At least Rebels coach Brian O'Neal believes it is.
The 23-year-old Young is the latest American sprinter to break the 10-second barrier in the 100 meters, clocking a 9.99 in the NCAA East preliminary meet. He is among the favorites to win the 100 and 200 at the NCAA championships this week in Eugene, Ore.
Young didn't run track in high school until his senior year, realizing he needed to participate in an extracurricular activity to meet a graduation requirement. So the Junction City, Kan., native cut his work hours at a local fast-food restaurant to run and decided to join the track team, figuring a few laps wouldn't be too bad.
"I picked the sprints over distance because I figured I'd have to run less," Young said with a grin. "I didn't put much thought into it."
Five years later, he's turned into one of the country's most promising young sprinters.
"It's one of the rare occurrences where natural talent meets someone who is motivated," O'Neal said. "I really don't have a theory behind it other than the good Lord. It's been amazing."
Young has been steadily improving since high school, where he showed glimpses of obvious potential but didn't place in the 100 at the Kansas state meet.
After that, it was two years at Allen County (Kan.) Community College where he quickly improved under coach Clinton Fletcher. Fletcher — now an assistant at Samford — said Young's personality has been the perfect match for his blue-collar story.
"From our first conversation, I knew this was a guy whose head was in the right place," Fletcher said. "He's a guy that wasn't afraid to work. There wasn't any job beneath him. He listened to me, watched film, watched others and got better every day. And the whole time he's stayed humble."
But his times really didn't rise into the nation's elite until he came to Ole Miss. He's won two straight SEC titles in the 200 meters and was voted the SEC's runner of the year by the league's coaches in May.
Young was a surprise qualifier in the 200 for the U.S. Olympic team in 2012, but didn't make the finals. Still, the experience left him with the confidence that he could compete with the world's best.

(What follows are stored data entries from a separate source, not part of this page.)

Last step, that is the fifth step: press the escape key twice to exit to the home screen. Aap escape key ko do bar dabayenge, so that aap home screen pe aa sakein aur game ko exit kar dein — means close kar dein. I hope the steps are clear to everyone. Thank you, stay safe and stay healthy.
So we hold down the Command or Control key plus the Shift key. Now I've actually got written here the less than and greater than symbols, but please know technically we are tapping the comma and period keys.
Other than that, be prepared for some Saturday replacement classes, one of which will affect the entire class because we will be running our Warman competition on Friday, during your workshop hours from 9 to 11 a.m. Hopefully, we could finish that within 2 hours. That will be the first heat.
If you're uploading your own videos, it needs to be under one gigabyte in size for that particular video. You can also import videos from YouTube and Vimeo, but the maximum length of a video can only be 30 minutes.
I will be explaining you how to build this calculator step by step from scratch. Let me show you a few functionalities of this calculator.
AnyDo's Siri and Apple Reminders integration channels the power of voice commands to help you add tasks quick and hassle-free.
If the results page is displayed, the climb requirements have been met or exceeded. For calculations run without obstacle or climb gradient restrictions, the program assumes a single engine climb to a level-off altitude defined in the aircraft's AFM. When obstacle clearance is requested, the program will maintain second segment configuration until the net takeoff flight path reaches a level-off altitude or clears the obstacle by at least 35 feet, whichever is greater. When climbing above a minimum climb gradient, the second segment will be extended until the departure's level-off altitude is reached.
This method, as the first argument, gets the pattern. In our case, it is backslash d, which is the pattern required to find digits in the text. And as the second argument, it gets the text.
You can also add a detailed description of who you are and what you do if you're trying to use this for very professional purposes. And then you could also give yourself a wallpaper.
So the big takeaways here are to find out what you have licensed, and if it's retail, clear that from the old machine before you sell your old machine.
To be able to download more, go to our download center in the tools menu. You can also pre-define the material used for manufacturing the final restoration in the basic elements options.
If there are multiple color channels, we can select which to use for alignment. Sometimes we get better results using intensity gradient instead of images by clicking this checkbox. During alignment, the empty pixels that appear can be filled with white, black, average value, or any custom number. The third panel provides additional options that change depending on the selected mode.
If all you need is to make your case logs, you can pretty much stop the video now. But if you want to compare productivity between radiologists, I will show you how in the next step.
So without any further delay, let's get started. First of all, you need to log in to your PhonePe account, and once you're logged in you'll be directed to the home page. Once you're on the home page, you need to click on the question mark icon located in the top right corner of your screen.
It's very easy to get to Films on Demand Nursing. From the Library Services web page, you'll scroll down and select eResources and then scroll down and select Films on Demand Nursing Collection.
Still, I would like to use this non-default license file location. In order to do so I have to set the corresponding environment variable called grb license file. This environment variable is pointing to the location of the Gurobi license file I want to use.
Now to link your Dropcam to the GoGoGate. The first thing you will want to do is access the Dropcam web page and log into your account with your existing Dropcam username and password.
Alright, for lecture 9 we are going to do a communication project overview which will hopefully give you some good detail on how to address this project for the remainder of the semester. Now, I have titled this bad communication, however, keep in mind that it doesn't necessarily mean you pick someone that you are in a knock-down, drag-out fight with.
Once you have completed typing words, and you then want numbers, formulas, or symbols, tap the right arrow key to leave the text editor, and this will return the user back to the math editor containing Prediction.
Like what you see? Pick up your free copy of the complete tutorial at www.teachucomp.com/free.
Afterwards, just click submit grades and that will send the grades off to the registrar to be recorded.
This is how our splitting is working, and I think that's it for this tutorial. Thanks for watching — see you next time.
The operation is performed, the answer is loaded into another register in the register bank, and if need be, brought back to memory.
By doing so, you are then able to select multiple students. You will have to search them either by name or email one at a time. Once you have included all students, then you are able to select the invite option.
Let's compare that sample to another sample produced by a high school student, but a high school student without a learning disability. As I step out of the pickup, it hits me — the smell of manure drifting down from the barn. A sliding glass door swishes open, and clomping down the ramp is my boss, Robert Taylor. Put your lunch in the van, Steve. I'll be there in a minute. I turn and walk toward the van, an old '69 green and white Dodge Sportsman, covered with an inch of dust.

He nearly decided to start his professional career after competing in London but decided to return to Ole Miss for his senior season. He graduated in May with a degree in criminal justice.
"I talked to my pro friends, and they all told me to enjoy the last year of school," Young said. "I knew the risks with injuries, but to me it was worth the gamble. I've got my degree and I've had so much fun. I'm glad I did it."
Though Young is still a major factor in the 200 his focus has turned to the 100, and his times at that distance continue to drop.
O'Neal said sprinters tend to peak physically between 26 and 28 years old, so Young likely has a few more years to develop before the 2016 Olympics. At about 6-foot-1, Young is a little taller than most elite sprinters, and still harnessing the power in his stride.
"I think his future leans toward the 100," O'Neal said. "He's still got a lot of room to improve. He's just now grasping some of the finer details of the race. But I wouldn't bet against him in either race."
Young said his 9.99 at the NCAA East preliminaries came as a surprise.
"The crazy thing is my start wasn't great — it was just a regular start," Young said. "And then I pushed through, came across the line, and saw it was a 9.99. I've been waiting a long time for it — telling a lot of my friends that I thought I was ready for it — and I've been so close that it was nice to finally get it."
The immediate goal is trying to win an NCAA championship this week in Oregon. He has the nation's best qualifying time in the 100 and ranks third in the 200.
"We've run a fast time, but we haven't won anything yet," O'Neal said. "We just need to continue to string together positive races."
Young said he's ready. The past few weeks have been a glimpse into his future life as a professional athlete.
"I've loved college and I'm glad I came back, but I'm looking forward to being 100 percent dedicated to track," Young said. "I've got my degree. So now when I wake up, it's all about track. During the day, it's track. When I go to bed, it's track. I'm not split anymore."